[Caption-style text data]
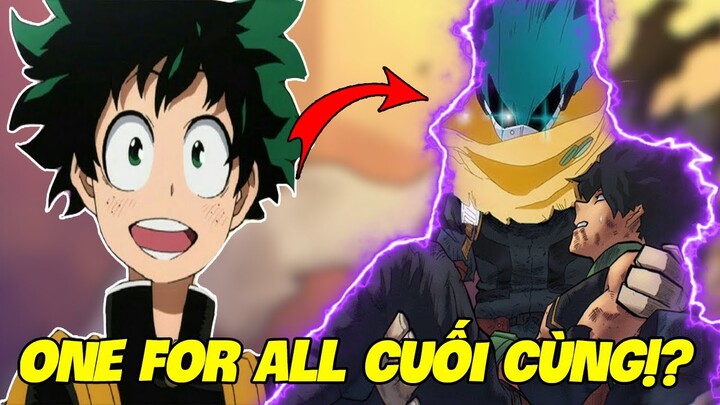 Deku Là Người Cuối Cùng Của One For All - Quyền Hạn Tước Bỏ Tuổi Thọ | My Hero Academia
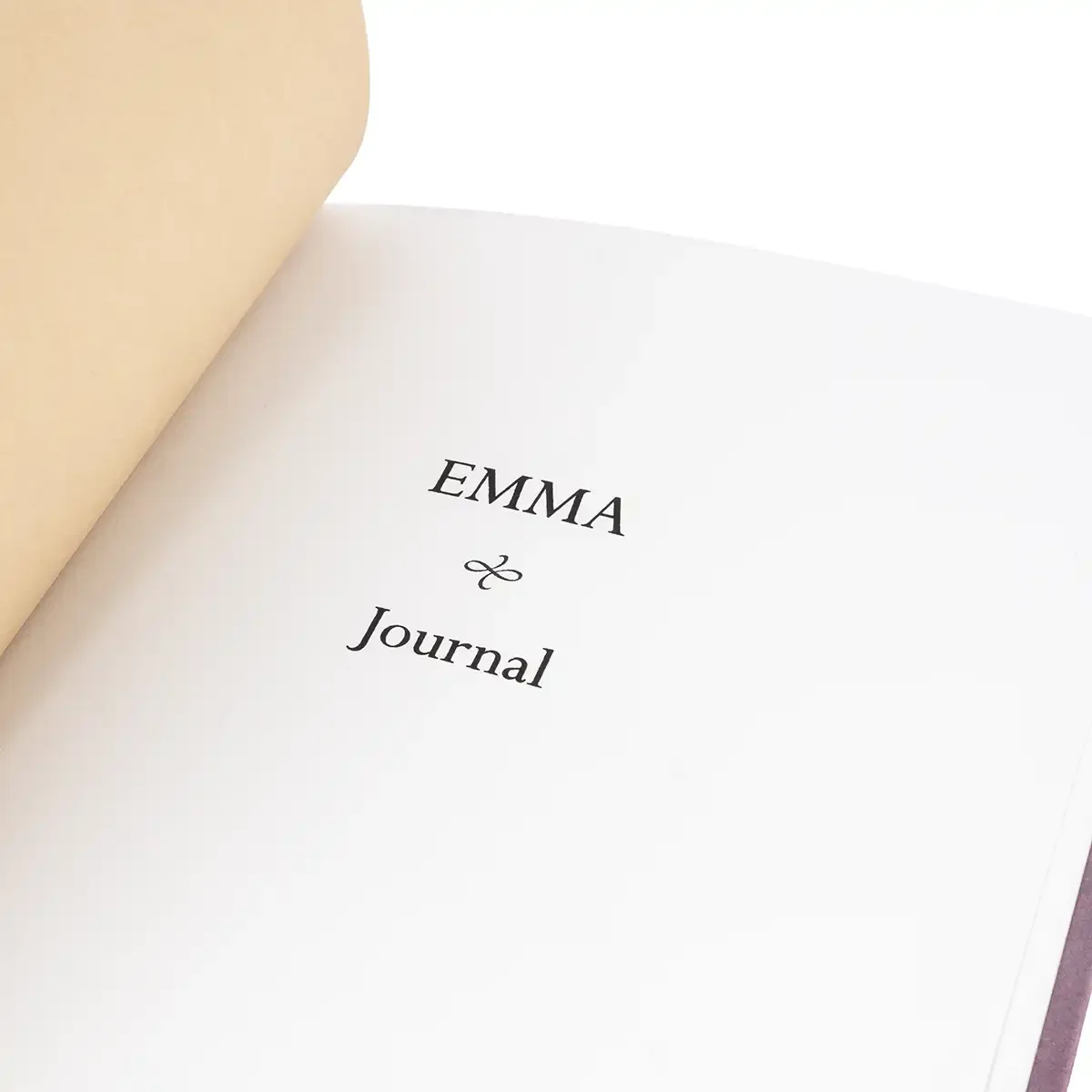Emma Hardback Reading Journal - Image 4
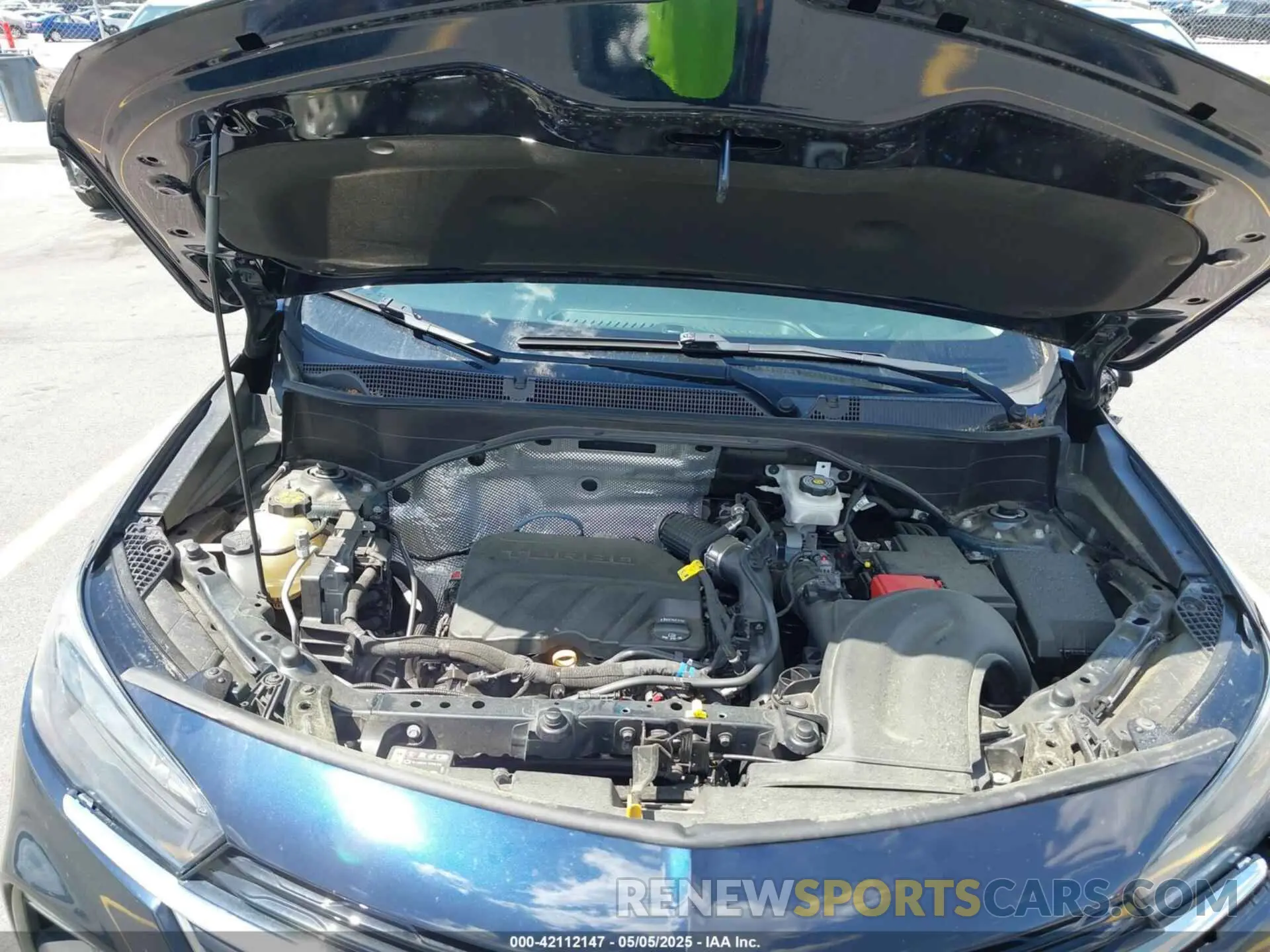 10 Фотография поврежденного автомобиля KL4MMBS27LB089343 BUICK ENCORE GX 2020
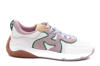 Hogan Colour-block Lace-up Trainers In Multicolor
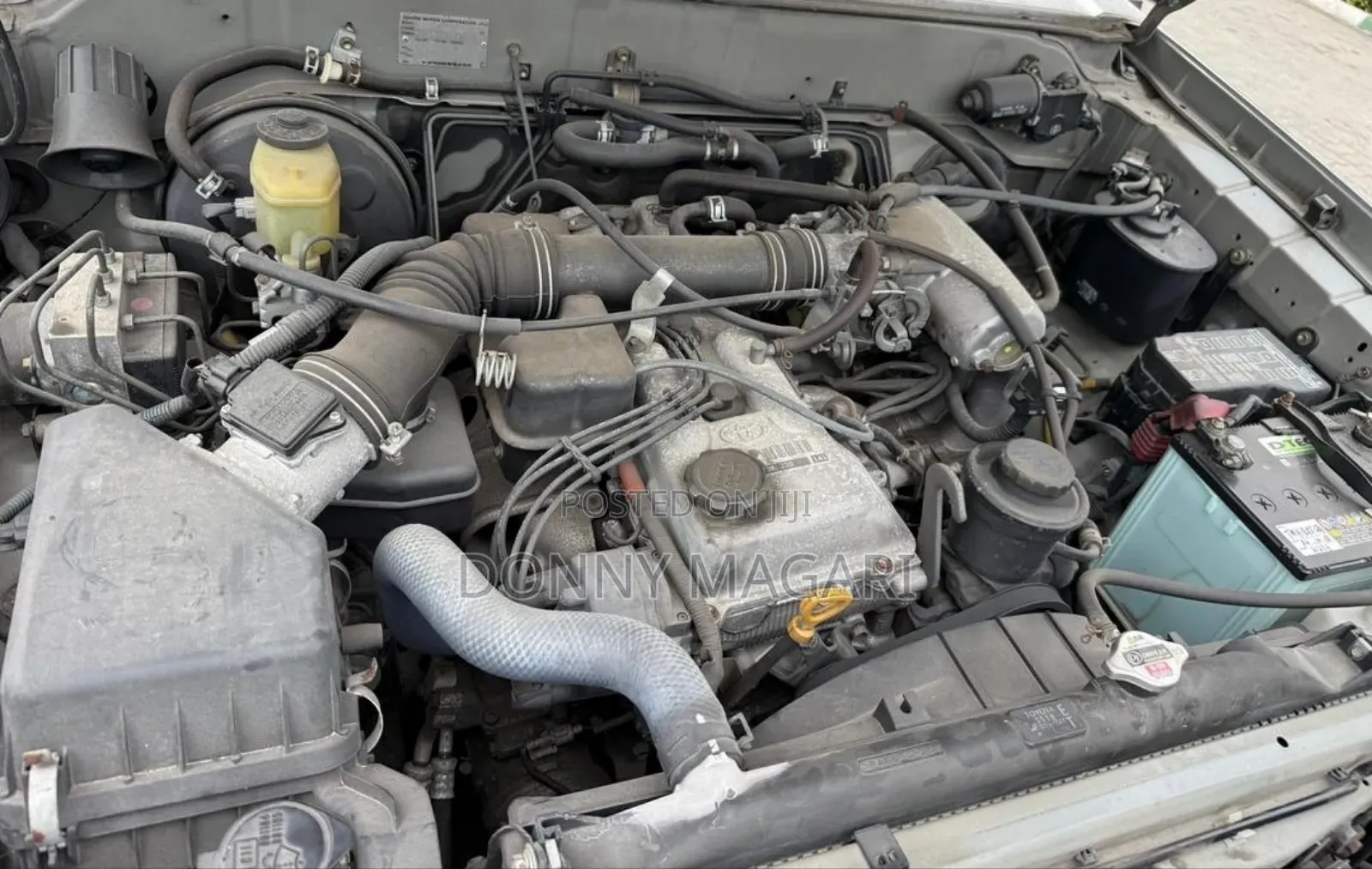 Toyota Land Cruiser Prado 2002 Silver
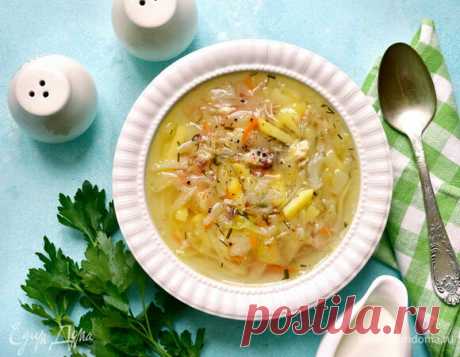 Щи из свежей капусты с курицей, пошаговый рецепт на 697 ккал, фото, ингредиенты - Едим Дома
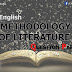 BA English - Methodology of Literature - Previous Question Papers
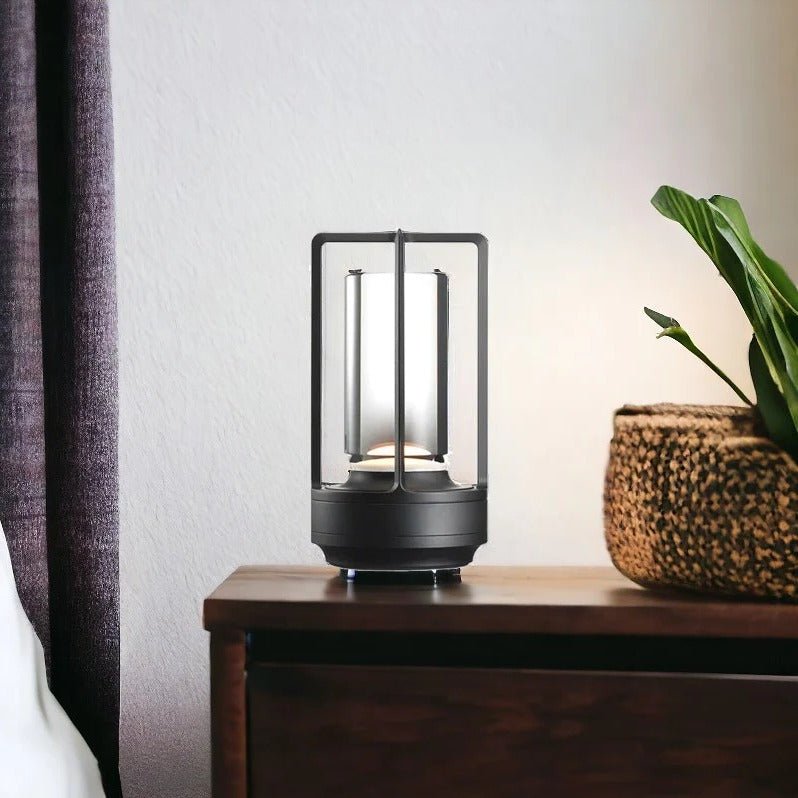 Lampa Stołowa Bezprzewodowa z Dotykowym Sterowaniem – Lampy Stołowe do Salonów i Sypialni 0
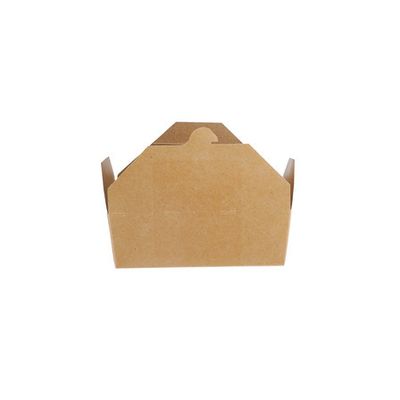 Kraft PE Take Away Box 56 oz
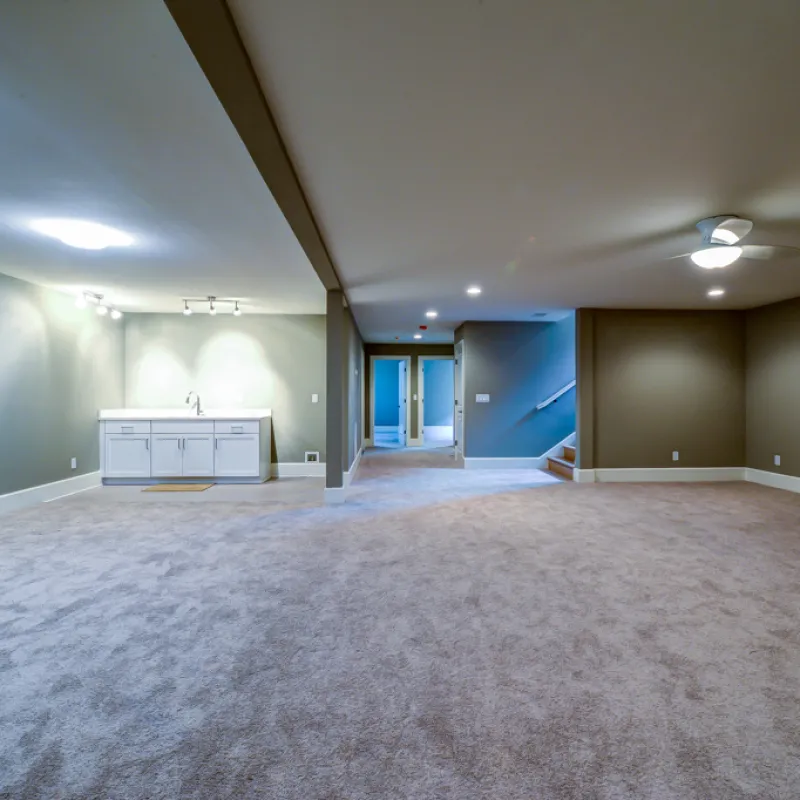 a large empty room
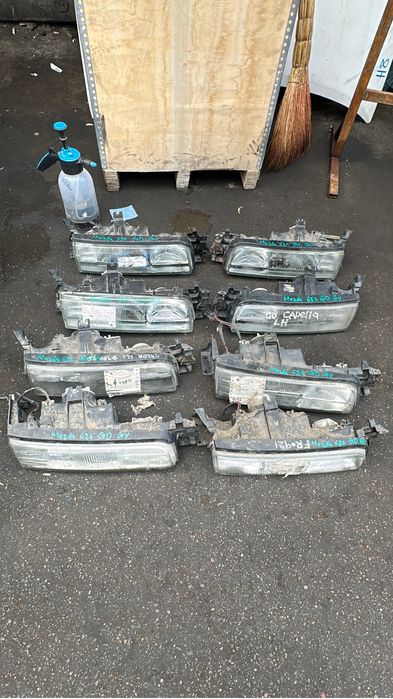 Правая фара на Mazda 626 GD GV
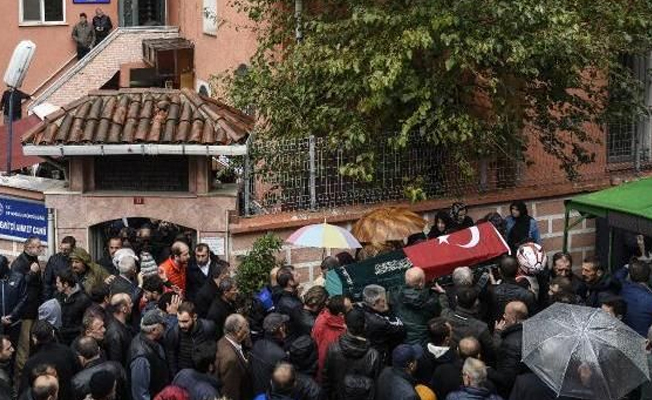 Şile'deki gemi kazasında ölen baba ile oğlu son yolculuğuna uğurlandı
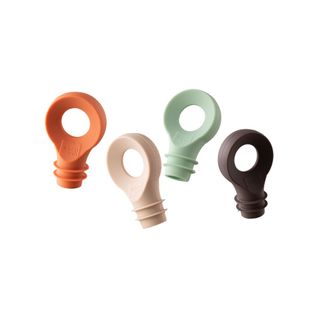 Vacu Vin Bottle Stopper Set of 4 Colours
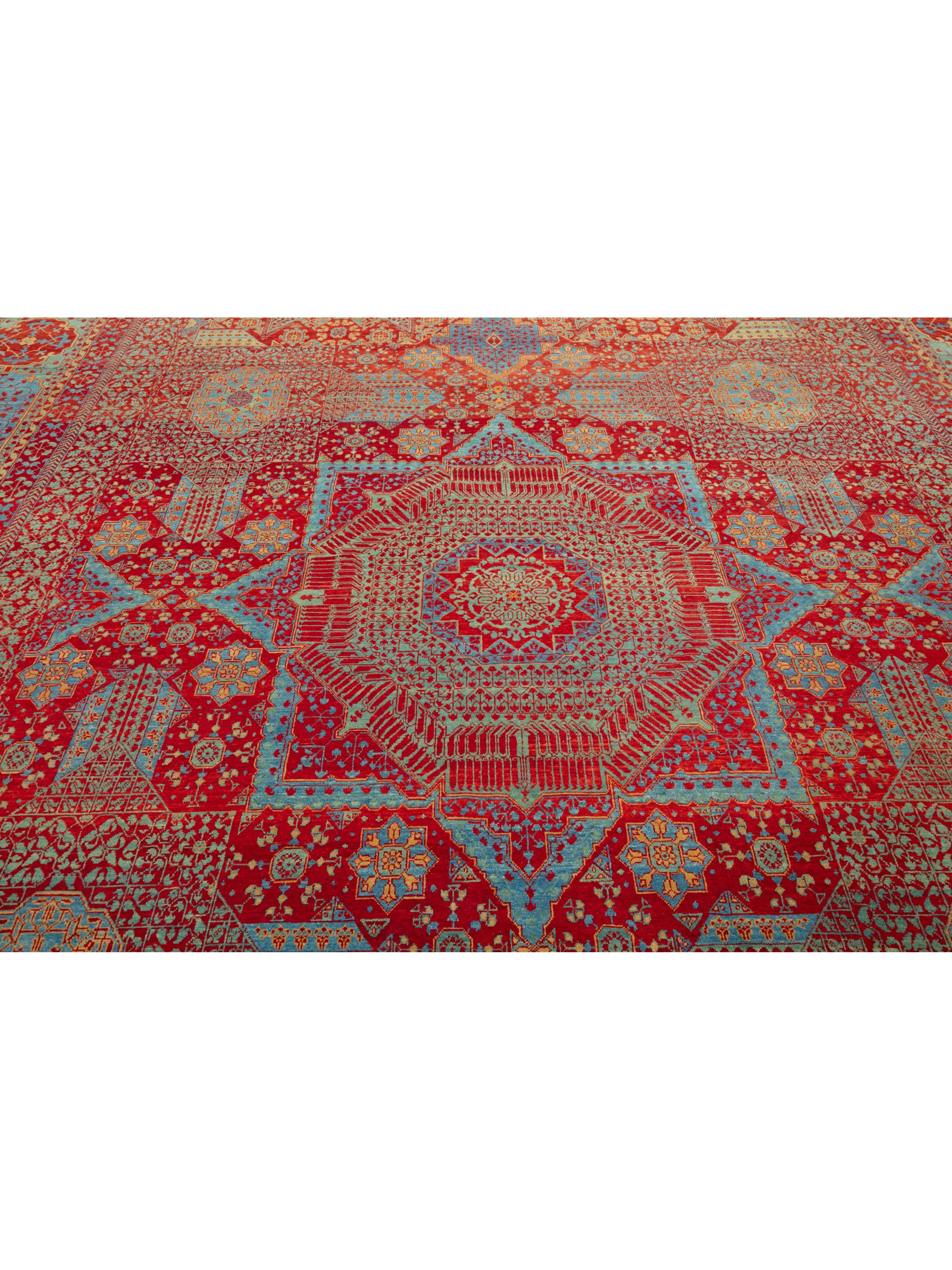 Ararat Rugs Übergroßer Mamlouk Teppich Ein majestätisches Revival der islamischen Kunstfertigkeit Teppich (Türkisch) im Angebot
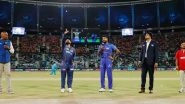 Sports News | IPL 2025: Mumbai Indians Win Toss; Opt to Bowl First Against Lucknow Super Giants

### Instructions to follow
Give exactly the lines above that run from the line with "10 Фотография поврежденного" to the line with "Щи из свежей", both included, leaving every picture out.

### Result below
 10 Фотография поврежденного автомобиля KL4MMBS27LB089343 BUICK ENCORE GX 2020
 Hogan Colour-block Lace-up Trainers In Multicolor
 Toyota Land Cruiser Prado 2002 Silver
 Щи из свежей капусты с курицей, пошаговый рецепт на 697 ккал, фото, ингредиенты - Едим Дома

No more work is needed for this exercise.